Apalagi jika itu adalah kuburan Nabi Muhammad Saw seperti
yang dilakukan oleh sahabat Bilal ibn al Harits al Muzani (H.R. al Bayhaqi, Ibn
Abi Syaybah dan lain-lain dan dishahihkan oleh al Bayhaqi dan Ibnu Katsir). Hal
ini juga dilakukan oleh al Imam asy-Syafi'i terhadap kuburan al Imam Abu
Hanifah.
___________________________________
[1]. Para ahli hadits (Hafizh) telah menyatakan
bahwa hadits ini shahih, baik yang marfu' maupun kadar yang mawquf (peristiwa
di masa sayyidina 'Utsman), di antaranya al Hafizh ath-Thabarani. Masalah
tawassul dengan para nabi dan orang saleh ini hukumnya boleh dengan ijma' para
ulama Islam sebagaimana dinyatakan oleh ulama madzhab empat seperti al Mardawi
al Hanbali dalam Kitabnya al Inshaf, al Imam as-Subki asy-Syafi'i dalam
kitabnya Syifa as-Saqam, Mulla Ali al Qari al Hanafi dalam Syarh al Misykat,
Ibn al Hajj al Maliki dalam kitabnya al Madkhal
[2]. Golongan Wahabi adalah pengikut Muhammad
ibn Abdul Wahhab an-Najdi. Mereka menyerupakan Allah dengan makhluk-Nya,
mengkafirkan orang-orang yang bertawassul dengan para nabi dan orang-orang
shalih, mengharamkan peringatan maulid Nabi dan membaca al Qur'an untuk
orang-orang muslim yang sudah meninggal dan mereka memiliki banyak
kesesatan-kesesatan yang lain. Para ulama Ahlussunnah banyak sekali yang
membantah mereka ini seperti Mufti Madzhab Syafi'i di Makkah al Mukarramah
Syekh Ahmad Zaini Dahlan (W. 134 H) dalam kitab tarikh yang salah satu fasalnya
berjudul Fitnah al Wahhabiyyah, Mufti madzhab Hanbali di Makkah al Mukarramah
Syekh Muhammad ibn Abdullah ibn Humaid (W. 1295 H) dalam kitabnya as-Suhub al
Wabilah 'Ala Dlara-ih al Hanabilah, Syekh Ibn 'Abidin al Hanafi (W. 1252 H)

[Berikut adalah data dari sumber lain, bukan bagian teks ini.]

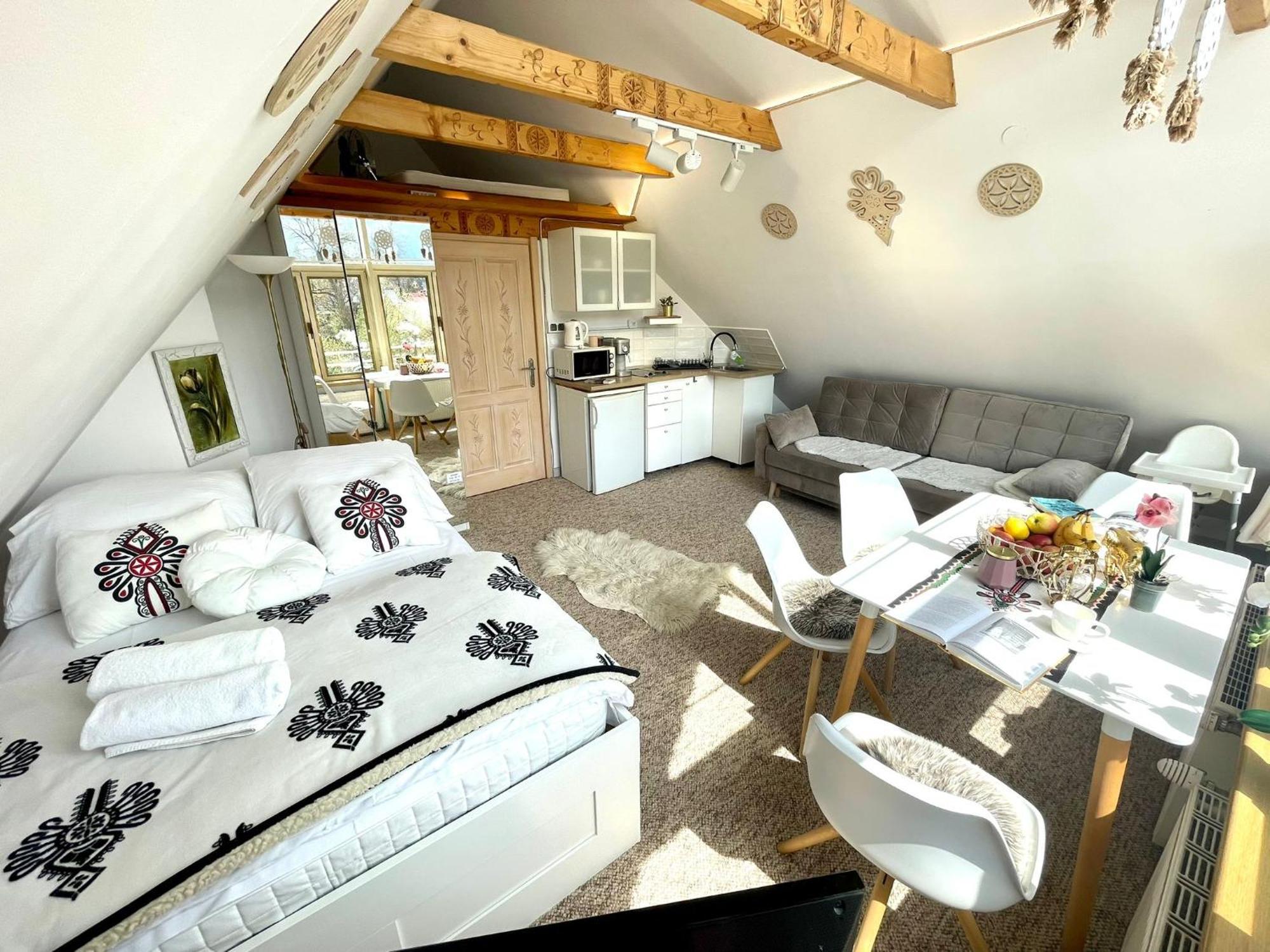 Homestay Pod Szymoszkowa 2 Centrum Zakopanego - U Mirka Zakopane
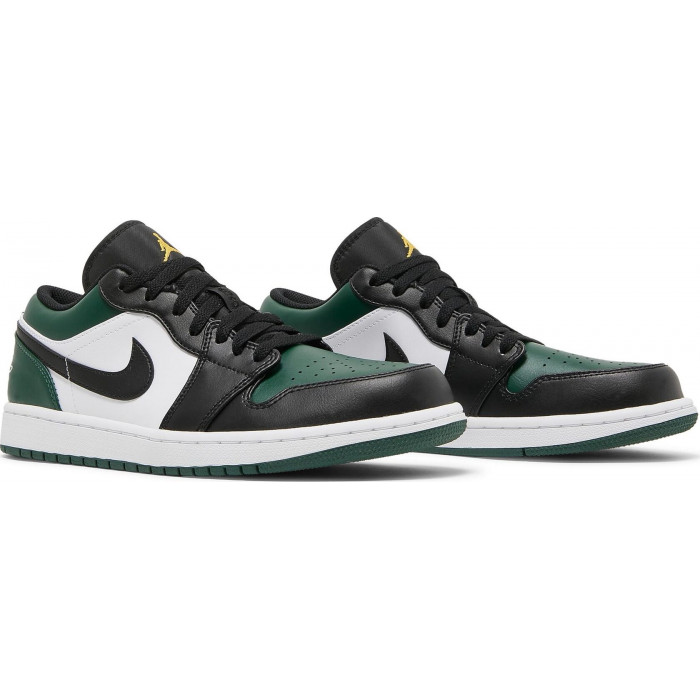 AIR JORDAN 1 LOW «GREEN TOE»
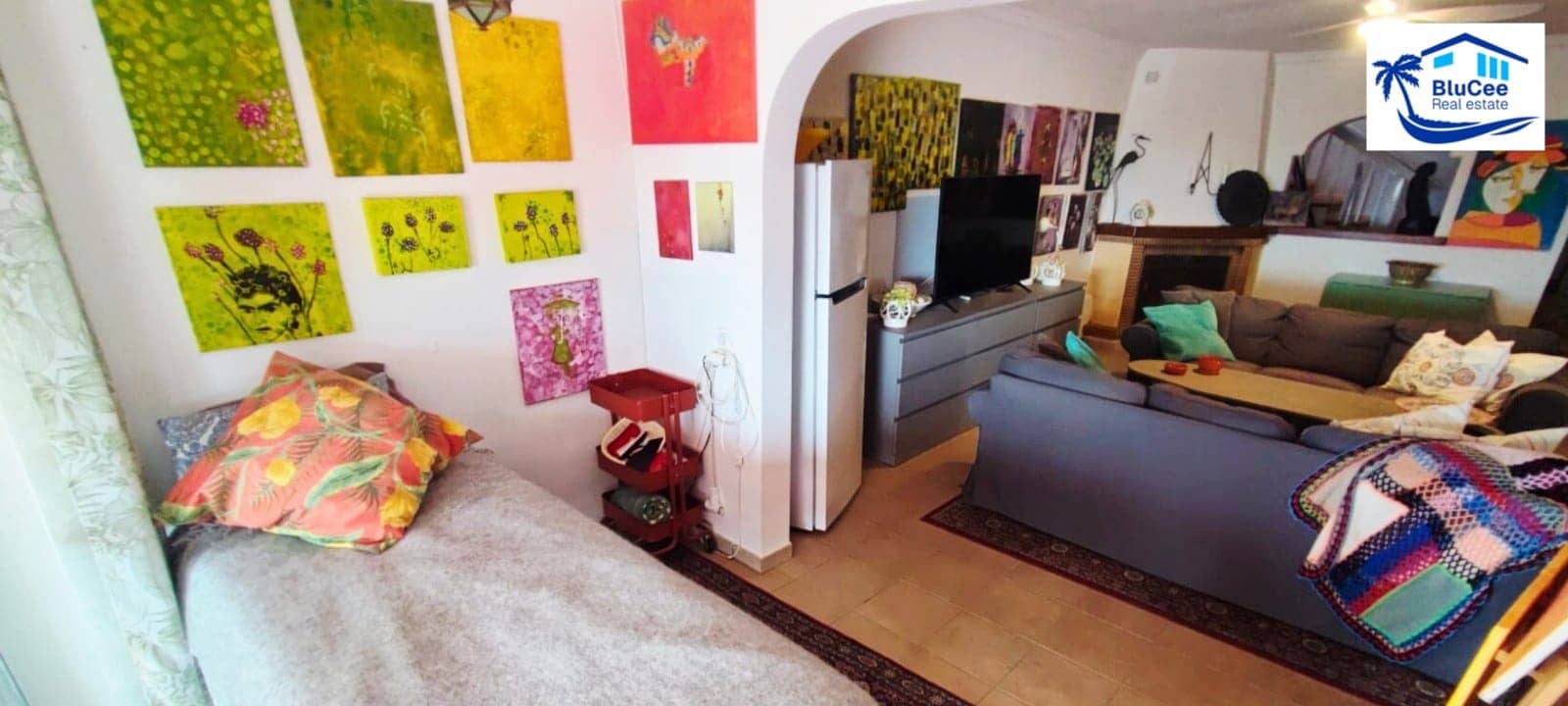 3 soveværelse Villa til salg i Almayate med swimmingpool - € 415.000 (Ref: 9066845)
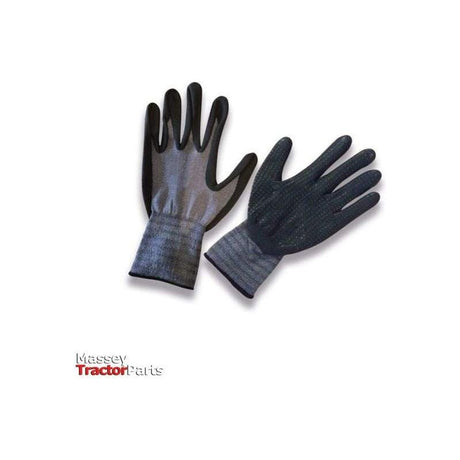 Mens Work Gloves - X99305161-Massey Ferguson-Accessories,Clothing,Men,Merchandise,Not On Sale,workwear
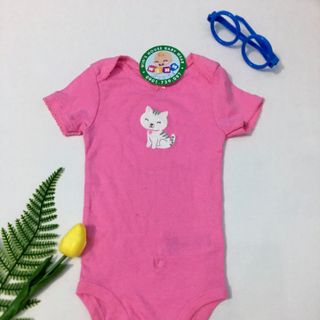 BodySuit họa tiết đáng yêu ngắn tay dành cho bé ngày Hè BS064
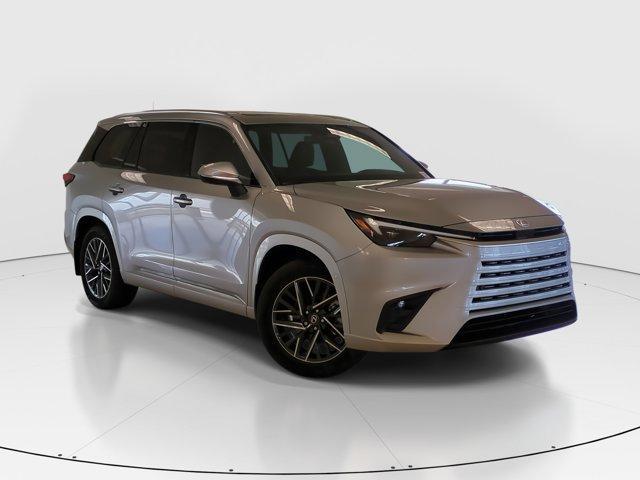 new 2025 Lexus TX 350 car, priced at $67,503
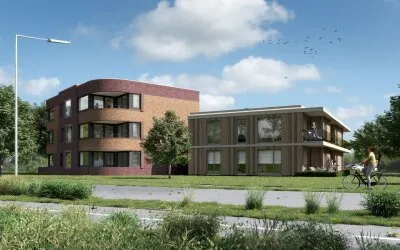 Woning te koop: Rondweg 1F, Grootegast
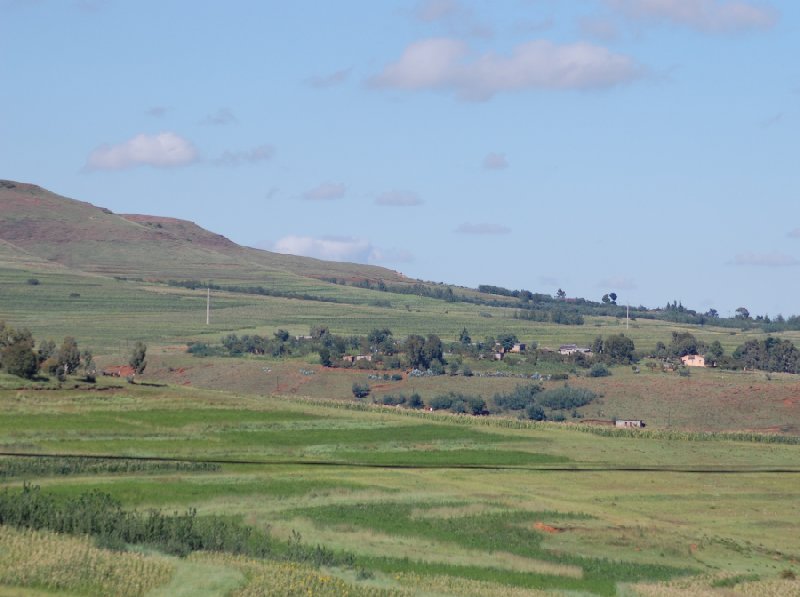   Nazareth Lesotho Travel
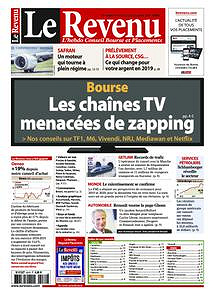 Le Revenu du 25 Janvier 2019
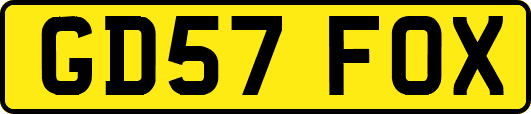 GD57FOX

dalam Hasyiyahnya, Syekh Ahmad ash-Shawi al Maliki (W. 1241 H) dalam kitabnya
Hasyiyah 'Ala Tafsir al Jalalain. Bagi yang menginginkan penjelasan yang
panjang lebar baca kitab al Maqalat as-Sunniyyah fi Kasyfi Dlalalat Ahmad ibn
Taimiyah.
[3]. Di
antara orang yang menyalahi Ahlussunnah dalam masalah ini adalah Yusuf al
Qardlawi. Ia menyatakan bahwa bertabarruk dengan peninggalan orang-orang yang
saleh termasuk syirik -wal 'iyadz billah- sebagaimana ia tuturkan dalam
kitabnya al Ibadah fi al Islam. Kesesatan al Qardlawi yang lain adalah seperti
pernyataan bahwa Rasulullah bisa saja salah dalam hal agama seperti ia
sampaikan lewat layar televisi al Jazirah, 12 september 1999. Al Qardlawi juga
membolehkan bagi seorang perempuan yang masuk Islam untuk tetap menjadi istri
suaminya yang kafir sebagaimana diangkat oleh Koran asy-Syarq al Awsath juga di
situs-situs internet. Al Qardlawi juga melarang membaca al Fatihah untuk
orang-orang Islam yang meninggal dunia, hal ini ia sampaikan lewat stasiun TV
al Jazirah. Telah banyak para ulama Islam yang membantah al Qardlawi di
antaranya adalah Syekh Nabil al Azhari, Syekh Khalil Daryan al Azhari, Mantan
Menteri Agama dan Urusan Wakaf Emirat Arab Syekh Muhammad ibn Ahmad al
Khazraji, Rektor al Azhar University Dr. Ahmad Umar Hasim, Dr. Shuhaib
asy-Syami (Amin Fatwa Halab, Syiria), al Muhaddits Syekh Abdul Hayy al Ghumari,
Dr. Sayyid Irsyad Ahmad al Bukhari dan lain-lain. Di antara ulama Indonesia
yang membantah al Qardlawi adalah Habib Syekh ibn Ahmad al Musawa. Karena ini
semua maka kita harus mewaspadai karya-karya al Qardlawi.